[Captioned web image data]

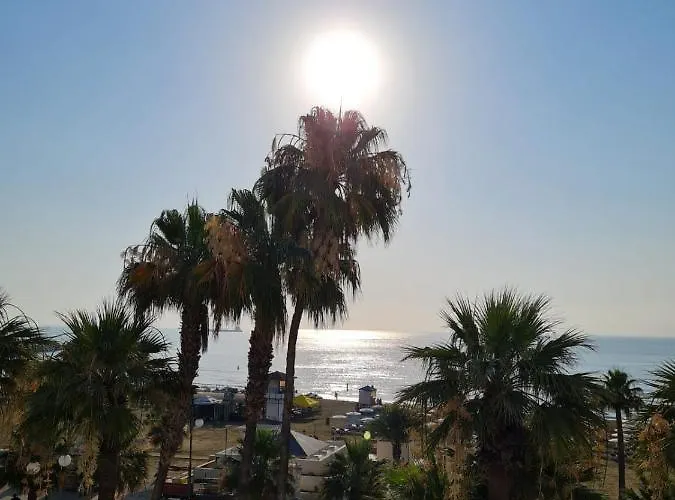 Ithaki Phinikoudes No. 202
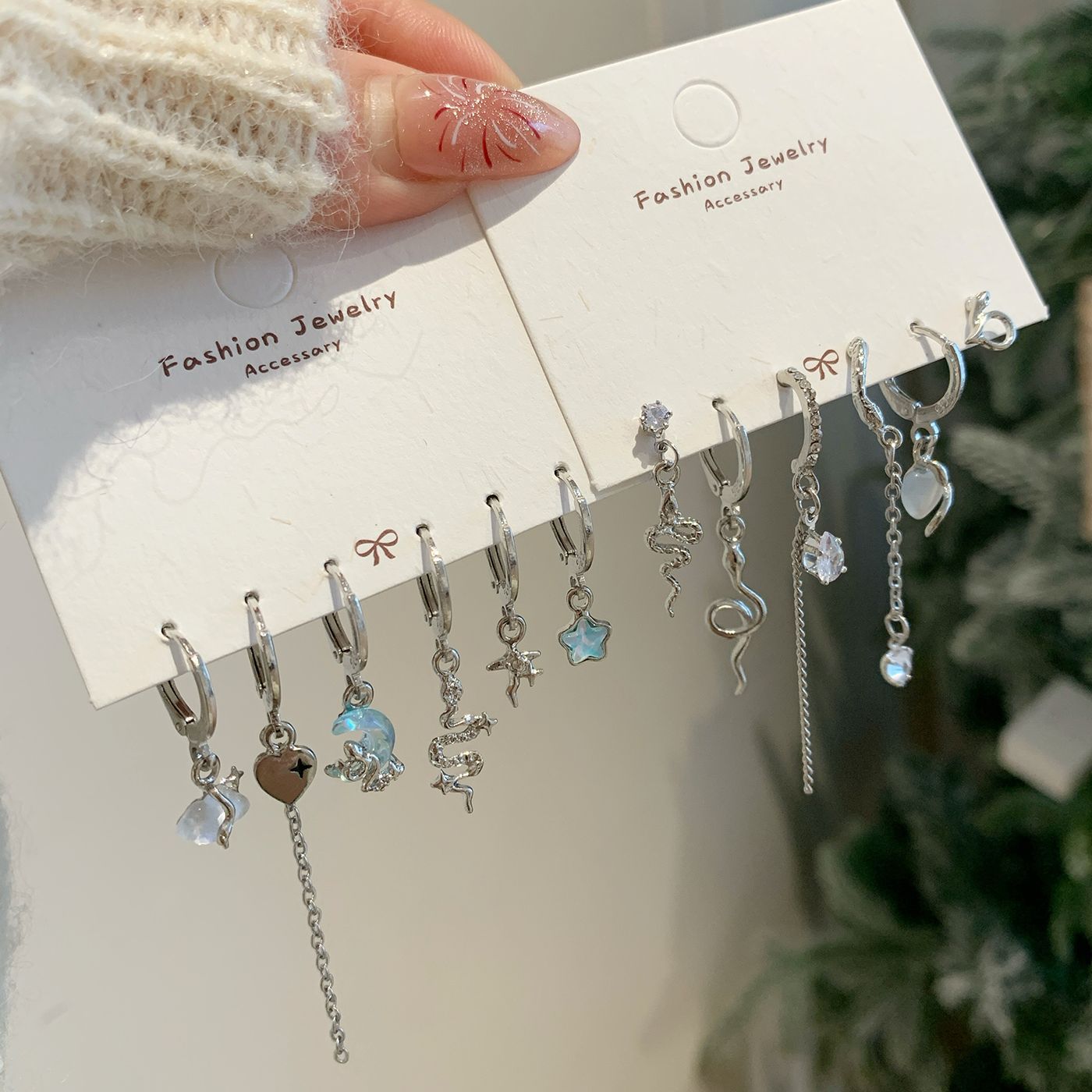 New Aurora Iridescent blue snake ear buckle set, women's silver needle irregular personalized earrings, sweet and cool minimalist earrings full figure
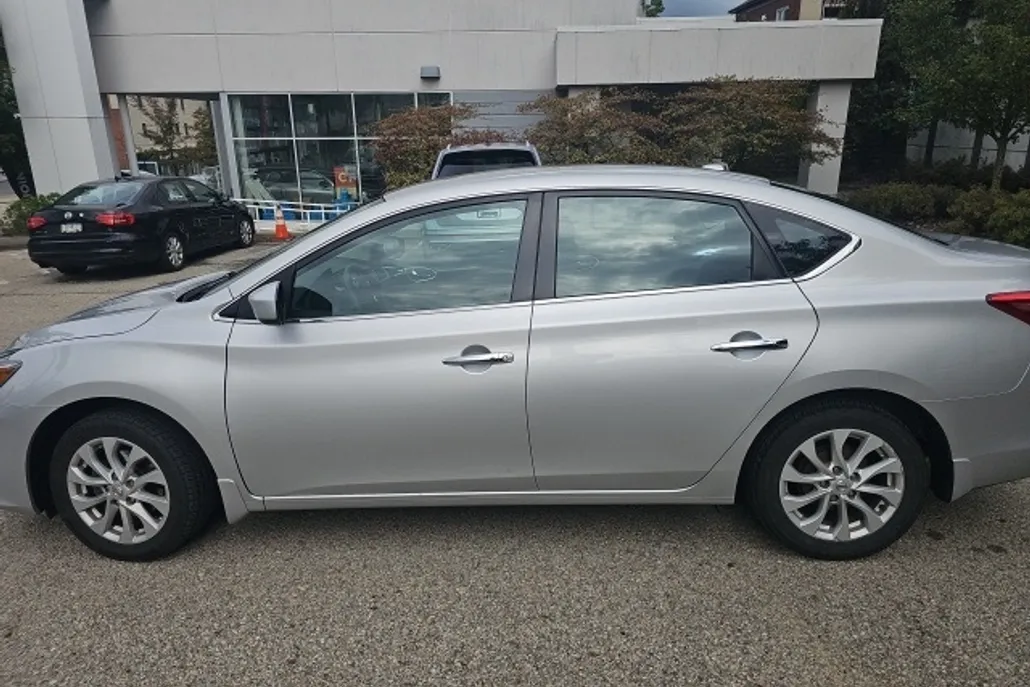 2019 Nissan Sentra SV photo 1
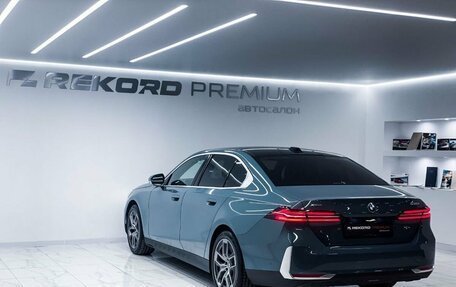BMW 5 серия, 2024 год, 7 500 000 рублей, 28 фотография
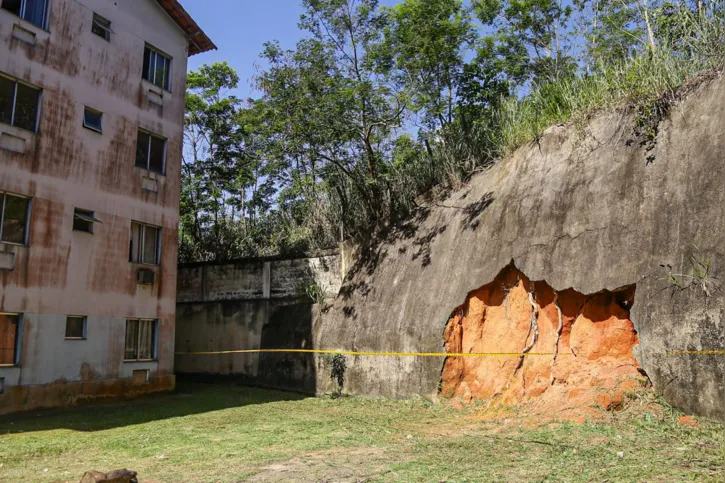Imagem ilustrativa da imagem Sobreviventes da tragédia do Morro do Bumba temem desabamento em prédio cedido meses após  incidente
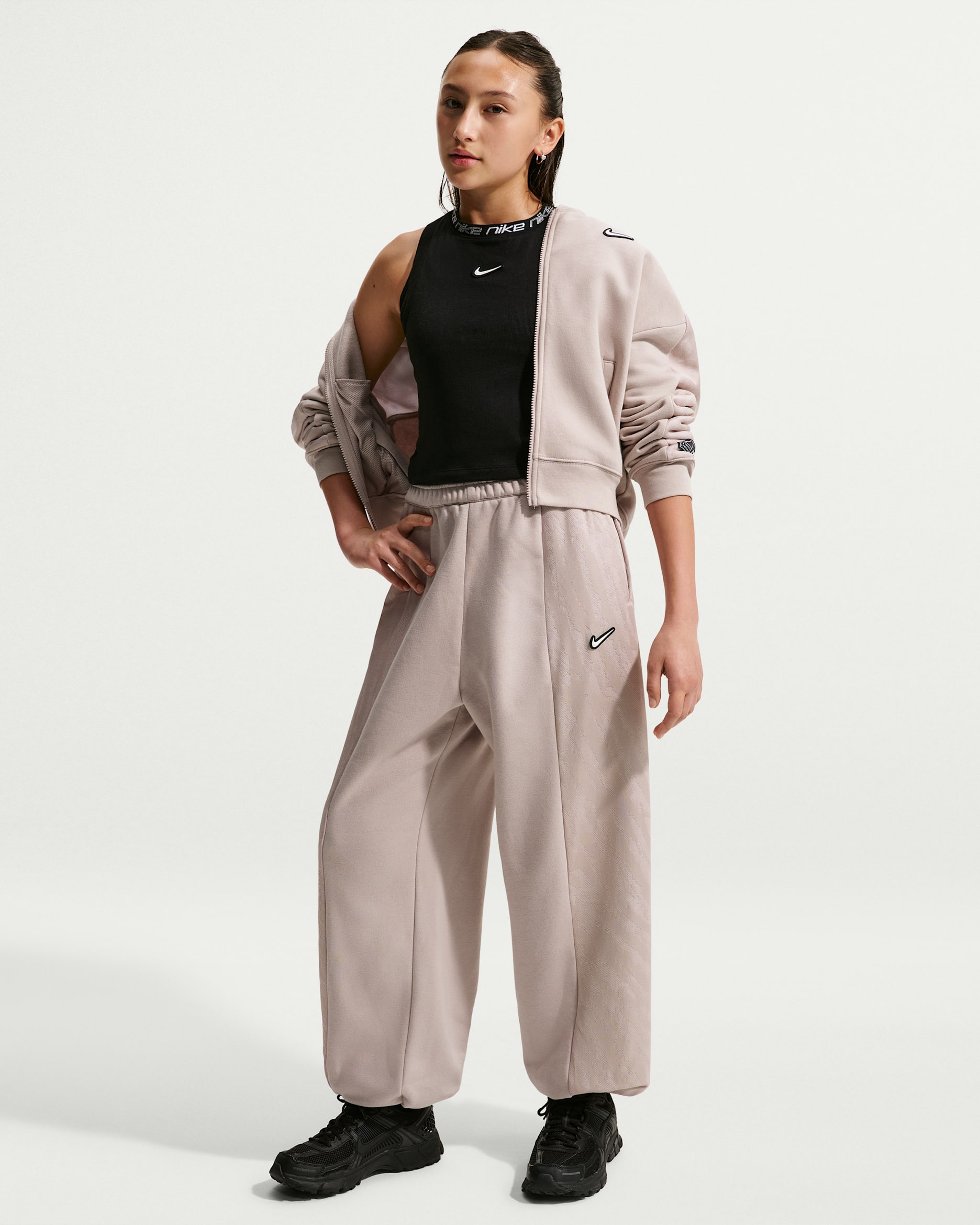 Nike Sportswear — Moon Particle/White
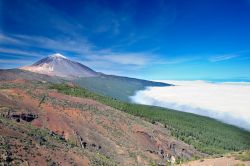 Il Monte Teide alle Canarie, la cima assoluta dell'Isola di Tenerife, e il vulcano più alto d'Europa. Notare l'umidità dell'oceano che viene trattenuta dai fianchi ...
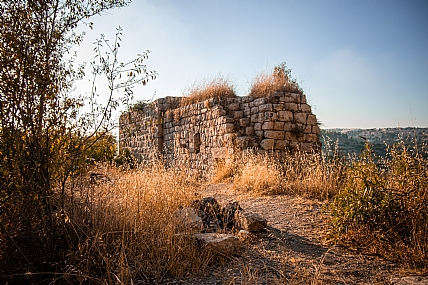מבנה עם עבר. | מבנים עתיקים  עתיקות  ירושלים  ישראל  טבע  צהוב  דוקומנטרי.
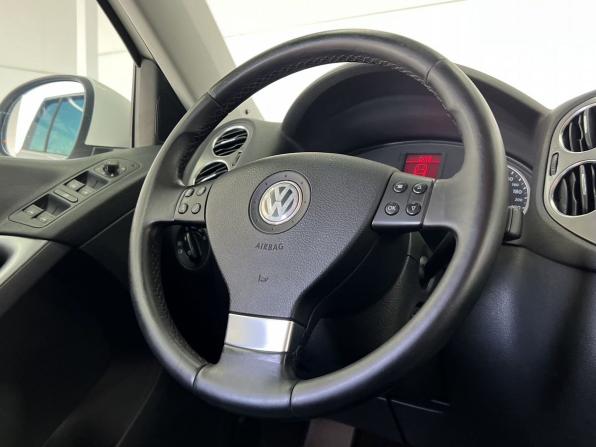 Volkswagen Tiguan I с пробегом 2009 года, цена 980 000 рублей, 188000 км, внедорожник, Автокод Объявления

» Description of the task
Set the pictures aside and reproduce exactly the lines above, from the line holding "2019 Nissan Sentra SV photo 1" through the line holding "Nike Sportswear — Moon Particle/White", both included, with nothing else.

» Reply
 2019 Nissan Sentra SV photo 1
BMW 5 серия, 2024 год, 7 500 000 рублей, 28 фотография
Imagem ilustrativa da imagem Sobreviventes da tragédia do Morro do Bumba temem desabamento em prédio cedido meses após  incidente
 Nike Sportswear — Moon Particle/White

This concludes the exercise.